Ameriprise had record fourth-quarter earnings driven by a strategic acquisition, strong stock market performance and net client inflows during the quarter. Looking ahead, the Minneapolis-based company said rising interest rates would be a benefit to the company's banking operations and other businesses.
"Ameriprise delivered another very strong quarter and a record year for client flows, assets and financial results," chief executive Jim Cracchiolo said in a news release.
Cracchiolo also said the company is ready for the coming year, including higher interest rates.
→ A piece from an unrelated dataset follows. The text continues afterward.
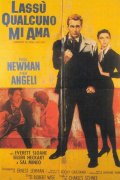 La locandina di Lassù qualcuno mi ama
The Federal Reserve indicated Wednesday that it would raise rates in March for the first time in more than three years.
"Ameriprise is well-positioned to continue navigating the current environment successfully, and rising interest rates would be another positive," Cracchiolo said.
John Barnidge, an analyst with Piper Sandler, wrote in a research note before the fourth-quarter earnings release Wednesday that certain Ameriprise businesses, including its Asset Wealth Management unit, would benefit from a rising interest rate environment.
Ameriprise also expects to see in the first quarter more benefits of its $829 million acquisition in November of BMO Financial Group's EMEA Asset Management unit. The integration of BMO has gone according to plan, the company said.
The addition of the BMO business in Europe, Middle East and Africa added $136 billion in assets under management. Ameriprise's total assets under management and administration is now $1.4 trillion.
During the fourth quarter, Ameriprise clients added nearly $40 billion to their portfolios.